September Tour History
Twenty-three people attended the tour of 911 facilities on August 25. The turnout represented a wide range of ages and interests, including more college students and potential new club members than usual.
The 911 Center moved last year from cramped basement quarters in the Rousseau (former City-County) Building to a completely renovated and purpose-designed floor in the Building's tower. The design of both physical spaces and electronics allows for ongoing updates, as well as panoramic views across much of Allen County.
The Center's workstations are largely modular and can be readily moved, reconfigured, or consolidated into less space. Most of the Center is on a false floor for flexible routing of cables or pipes (if needed), and access to conditioned air to cool computers (protected in cabinets within the workstations). About the only complaint during the tour was the false floor carries too much sound around the facility and will need some sound barriers installed.

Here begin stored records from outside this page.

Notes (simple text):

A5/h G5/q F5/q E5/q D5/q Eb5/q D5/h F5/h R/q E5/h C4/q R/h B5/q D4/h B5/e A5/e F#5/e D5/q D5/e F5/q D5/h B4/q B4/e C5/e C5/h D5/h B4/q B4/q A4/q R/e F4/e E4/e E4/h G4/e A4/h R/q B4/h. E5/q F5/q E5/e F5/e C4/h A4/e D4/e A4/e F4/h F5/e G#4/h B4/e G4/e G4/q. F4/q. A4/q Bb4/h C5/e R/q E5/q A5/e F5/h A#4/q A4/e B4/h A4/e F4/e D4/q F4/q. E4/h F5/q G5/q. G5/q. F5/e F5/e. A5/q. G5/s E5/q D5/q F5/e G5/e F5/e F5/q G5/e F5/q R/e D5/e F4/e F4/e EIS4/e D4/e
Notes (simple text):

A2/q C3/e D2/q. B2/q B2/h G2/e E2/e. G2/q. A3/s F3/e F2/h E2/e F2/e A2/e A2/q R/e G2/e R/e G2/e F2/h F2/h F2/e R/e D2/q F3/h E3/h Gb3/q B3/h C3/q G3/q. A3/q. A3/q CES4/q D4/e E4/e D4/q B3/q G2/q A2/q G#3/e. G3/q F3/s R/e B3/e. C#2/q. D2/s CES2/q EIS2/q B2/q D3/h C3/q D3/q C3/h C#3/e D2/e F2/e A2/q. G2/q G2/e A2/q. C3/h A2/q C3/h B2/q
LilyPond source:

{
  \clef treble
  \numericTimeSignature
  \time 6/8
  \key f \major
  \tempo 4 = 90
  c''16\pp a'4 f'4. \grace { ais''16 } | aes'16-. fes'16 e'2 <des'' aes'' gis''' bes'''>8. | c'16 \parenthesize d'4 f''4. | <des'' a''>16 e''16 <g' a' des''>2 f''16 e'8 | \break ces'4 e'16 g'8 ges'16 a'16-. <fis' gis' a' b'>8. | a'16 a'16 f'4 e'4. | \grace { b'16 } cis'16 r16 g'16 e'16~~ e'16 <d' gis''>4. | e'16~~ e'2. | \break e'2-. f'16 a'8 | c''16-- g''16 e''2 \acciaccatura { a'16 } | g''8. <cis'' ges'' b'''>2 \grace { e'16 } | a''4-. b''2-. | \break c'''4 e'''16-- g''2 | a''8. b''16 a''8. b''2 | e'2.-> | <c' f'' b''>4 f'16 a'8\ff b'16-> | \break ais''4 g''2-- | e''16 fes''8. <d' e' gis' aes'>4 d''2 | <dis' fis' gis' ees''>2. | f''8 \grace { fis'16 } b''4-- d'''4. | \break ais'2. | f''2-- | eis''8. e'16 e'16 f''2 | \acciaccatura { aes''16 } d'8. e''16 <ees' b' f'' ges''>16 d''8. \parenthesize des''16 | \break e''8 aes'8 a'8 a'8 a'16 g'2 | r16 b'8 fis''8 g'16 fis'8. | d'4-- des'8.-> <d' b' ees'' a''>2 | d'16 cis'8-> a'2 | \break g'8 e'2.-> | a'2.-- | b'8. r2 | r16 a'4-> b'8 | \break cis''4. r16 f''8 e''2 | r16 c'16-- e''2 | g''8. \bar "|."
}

Each workstation must serve rotating shifts of staff all day, every day, and adapt to changing work demands and stresses. The workstations are semi-circular and 10 to 15 feet across. The desktop is adjustable to allow any height of sitting or standing, and divided into front and rear semi-circles which raise or lower independently of each other. Metal frames on the rear semi-circle move various groups of flat-screen monitors forwards or backwards. Stations had as many as 10 monitors and could accommodate many more.
Staff often communicate by voice across the room, partly to confirm they are coordinating actions on the monitors. Each workstation has various lights which automatically signal other coworkers when the staffer is on the phone, on a radio, or otherwise unavailable. A fourth light and audible alarm sounds when the workstation receives an emergency transferred from another station, to assure the receiving worker notices the actions on his/her monitor(s) and to notify everyone in the room of the transfer.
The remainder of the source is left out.